▶ [Problem to solve]
The listing below begins with the first line you should copy; stop after the line containing "St. Kunkka 316L", and drop every picture.
[Provided records — start]
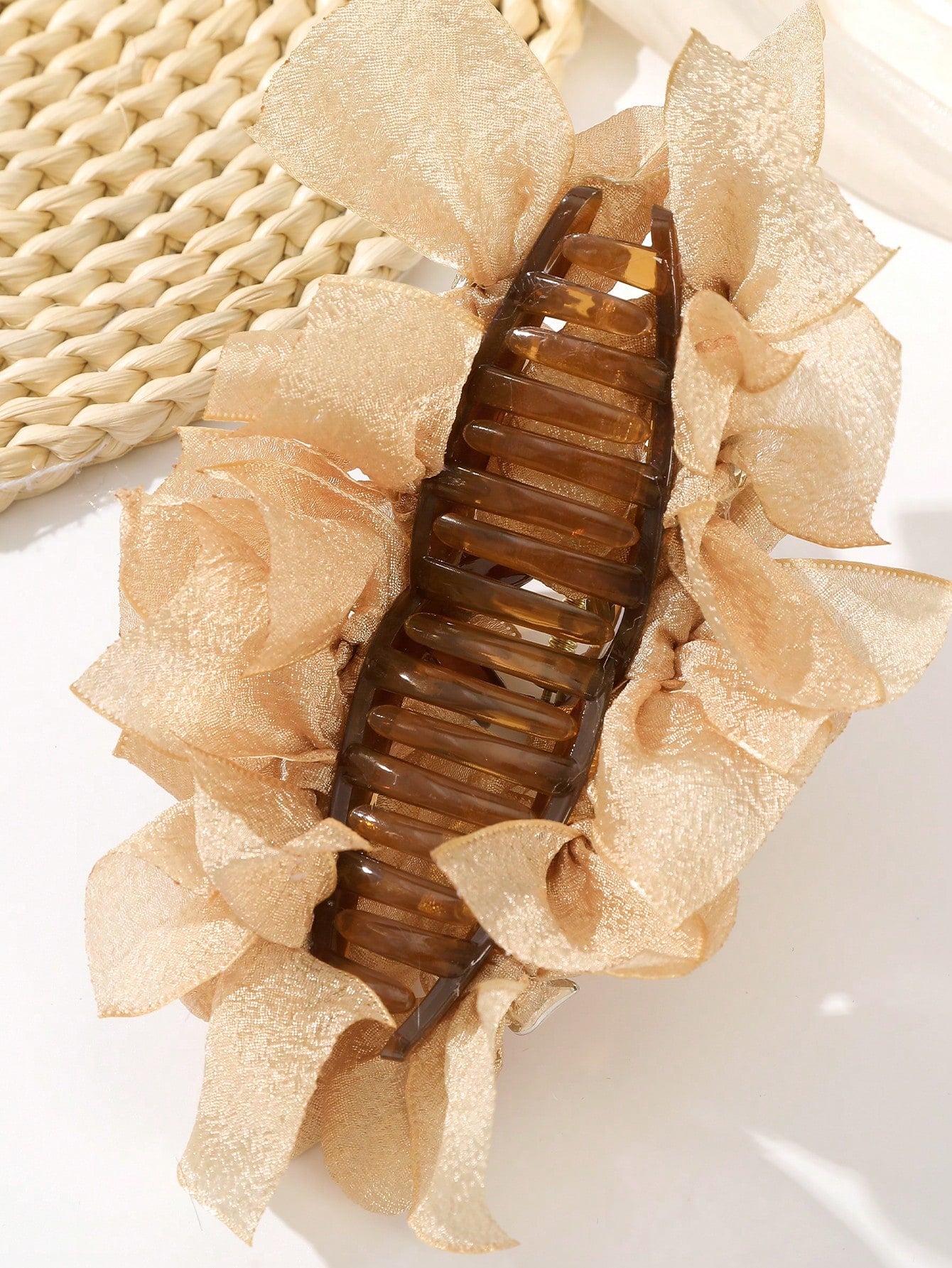 Oversized Organza Bow Hair Clip Brown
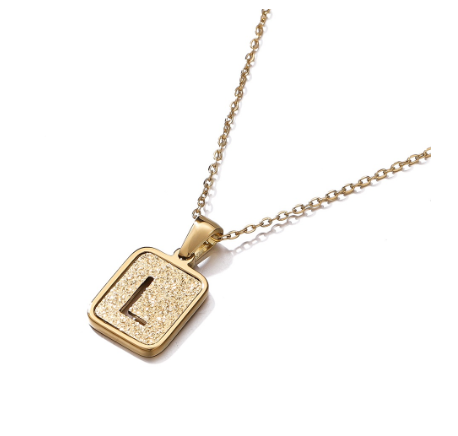 St. Kunkka 316L Stainless Steel Hollow A-Z Letter Pendant Necklace for Gift and Birthday Gift  L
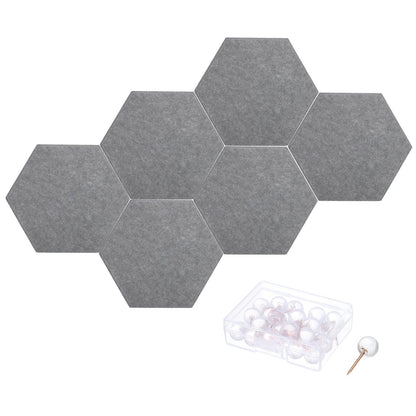 PATIKIL Felt Bulletin Board, 12"x10", 6 Packs Self Adhesive Hexagon Felt Tiles for Sound Proofing Wall Panels for Home Office Recording Studio,Game Room, Dark Gray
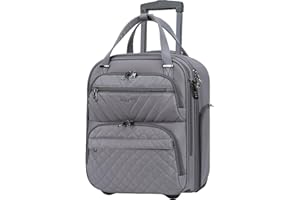 KROSER Handgepäck Koffer Trolley 40cm, Carry On Untersitzer Multifunktional 16-Zoll Leichter Über-Nacht-Koffer für Frauen, Grau Dunkel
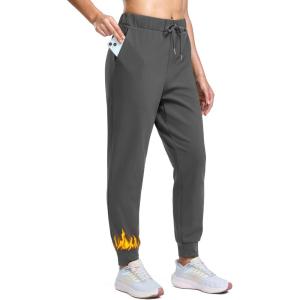 SANTINY Women’s Fleece Lined Joggers Pockets Drawstring Waterproof Sweatpants Thermal Ski Running Winter Hiking Pants Women(Dark Grey)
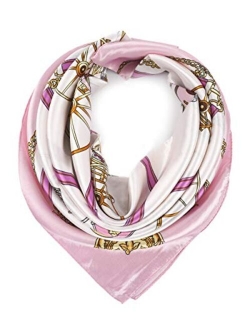 YOUR SMILE Silk Feeling Scarf Women's Fashion Pattern & Solid Color Large Square Satin Headscarf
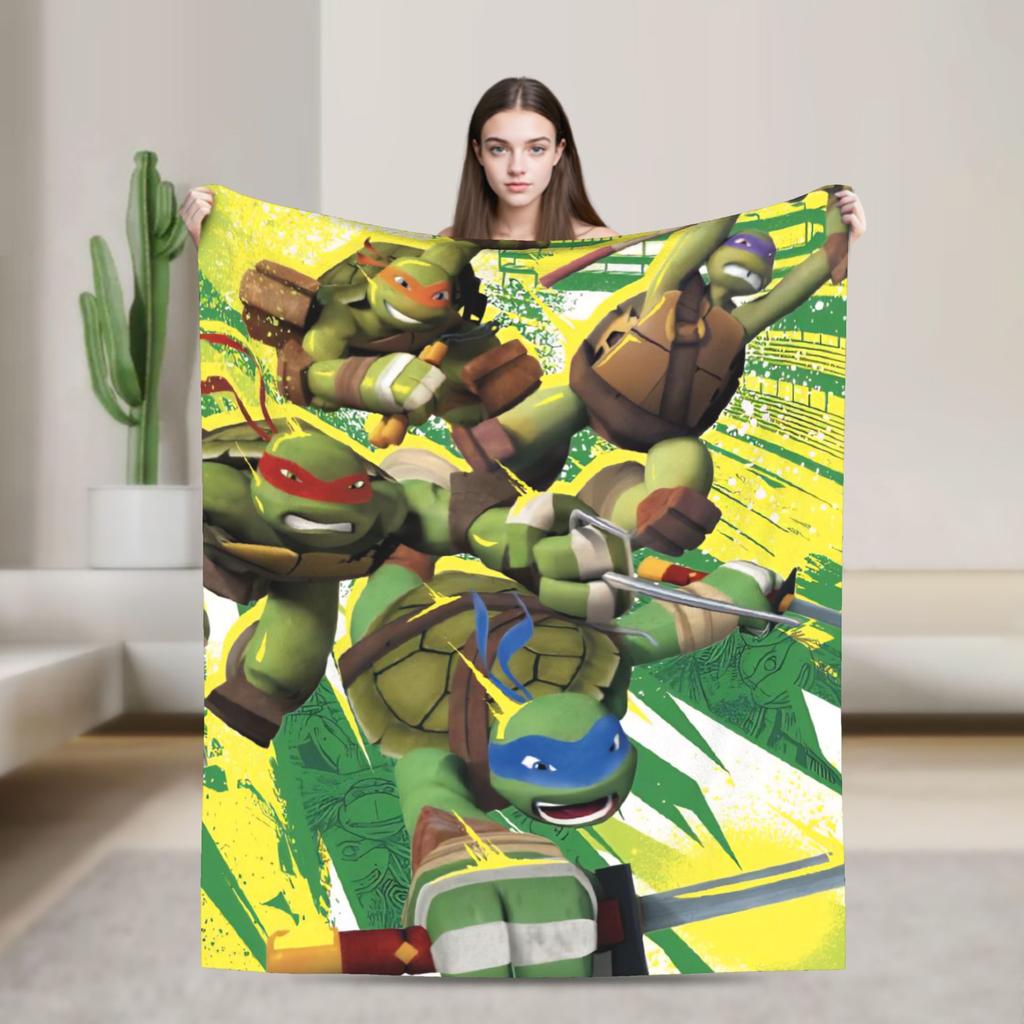 TMNT Durchbruch Flanelldecke Warme Weiche Überwurfdecke für Wohnkultur Reise Muster Tagesdecke Sofa Bettbezug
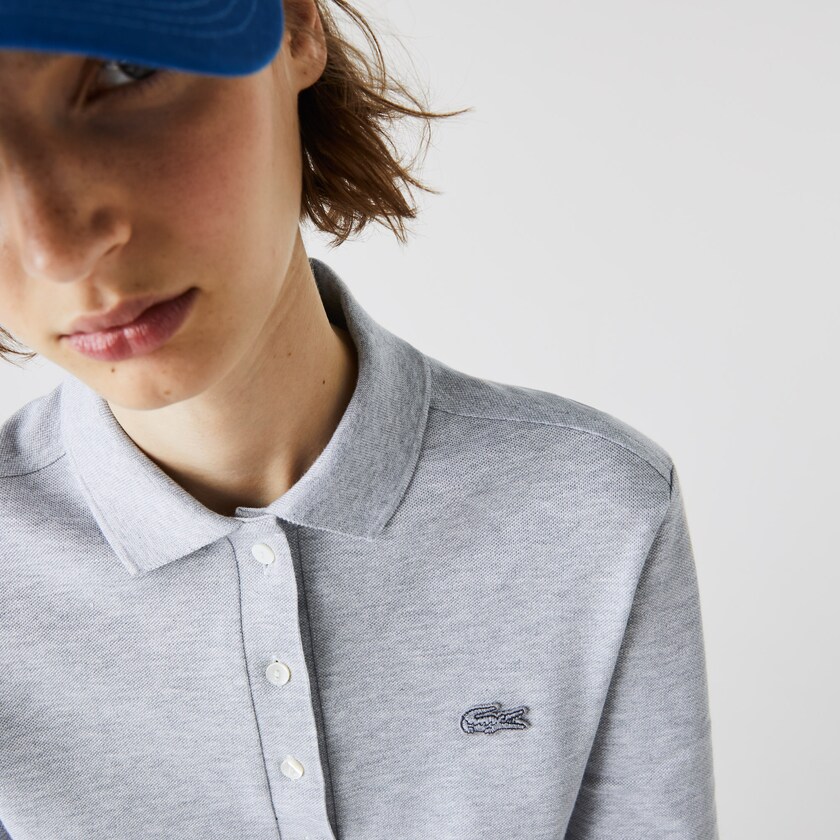 Camisa Polo Lacoste Slim Stretch Piqué Mujer Grises | CA6-13281B3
[Provided records — finish]
▶ [Exercise answer]
 Oversized Organza Bow Hair Clip Brown
 St. Kunkka 316L Stainless Steel Hollow A-Z Letter Pendant Necklace for Gift and Birthday Gift  L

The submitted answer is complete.